After a long split, Santana toured with his brother, Carlos. The album Sacred Fire: Live in South America was recorded in Mexico City on this tour, featuring Jorge Santana, who played a personalized orange Paul Reed Smith guitar.

In 1994 he recorded an album with his brother and Carlos Santana's nephew, Carlos Hernandez, called Santana Brothers.
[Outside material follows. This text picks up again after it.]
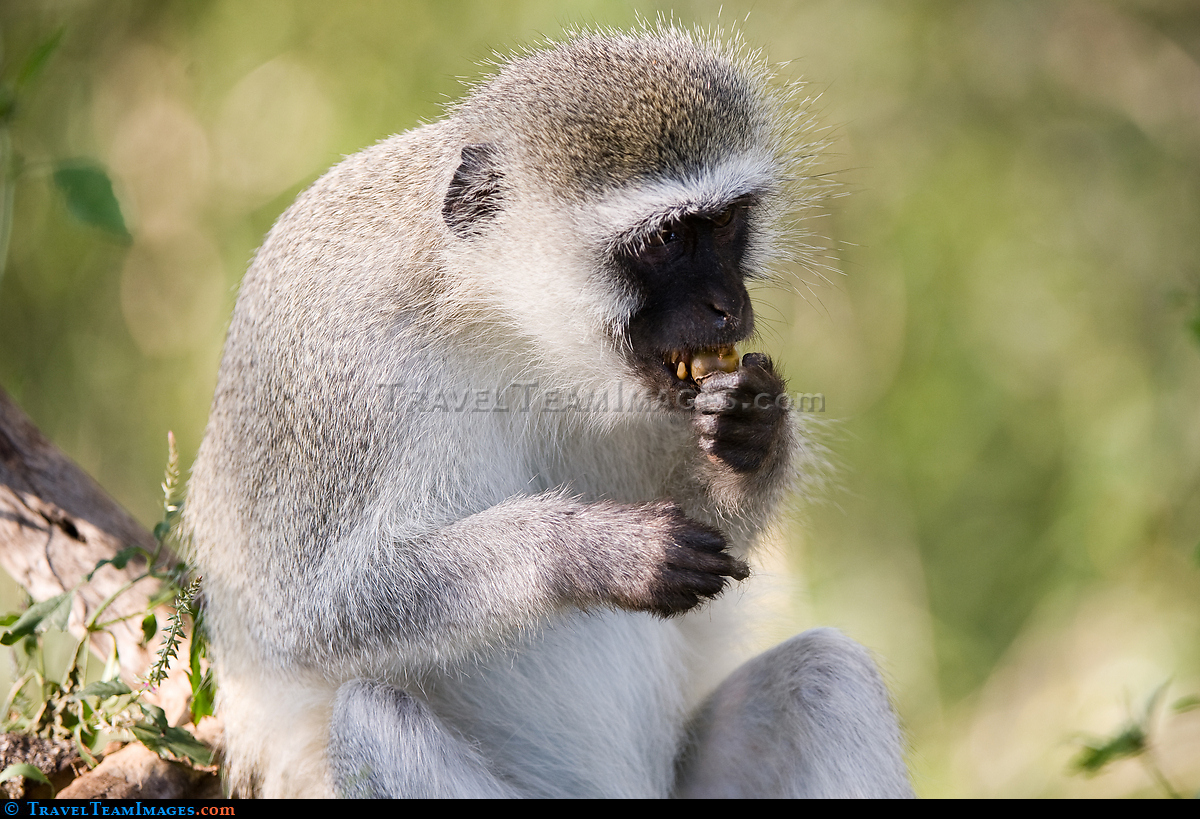Vervet Monkey eating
One of his last musical contributions and performances was to provide songs with Abel Sanchez for the 2023 PBS "American Masters" (S37 E8) documentary series film A Song For Cesar on the life and work of farm labor unionist Cesar Chavez.

== Sound ==
According to WBGO radio host, musician and band leader Bobby Sanabria Jorge Santana's sound with Malo can be summed up thus: "Picture Blood Sweat & Tears fused with Chicago, fused with Afro-Cuban rhythms and guitar driven rock. It was Santana on steroids."

== Personal life ==
He died in San Rafael, California of natural causes on 14 May 2020, aged 68. He was survived by his brother Carlos and another brother, Antonio. He also had four sisters: Lety Santana, Laura Porras, Irma Santana, and Maria Vrionis. He was married to Donna with whom he had a son, Anthony and a daughter, Michelle. He also had one grandson.

== Discography ==
- Jorge Santana (1978)
- It's All About Love (1979)
- Santana Brothers (1994)
- Here I Am (2009)
- Gracias Madrecita (2011)
- Restoration (2020)

=== Malo ===
- Malo (1972)
- Dos (1972)
- Evolution (1973)
- Ascension (1974)

=== Santana ===
- Sacred Fire: Live in South America (1993)

=== Fania All-Stars ===
- Latin-Soul-Rock (1974)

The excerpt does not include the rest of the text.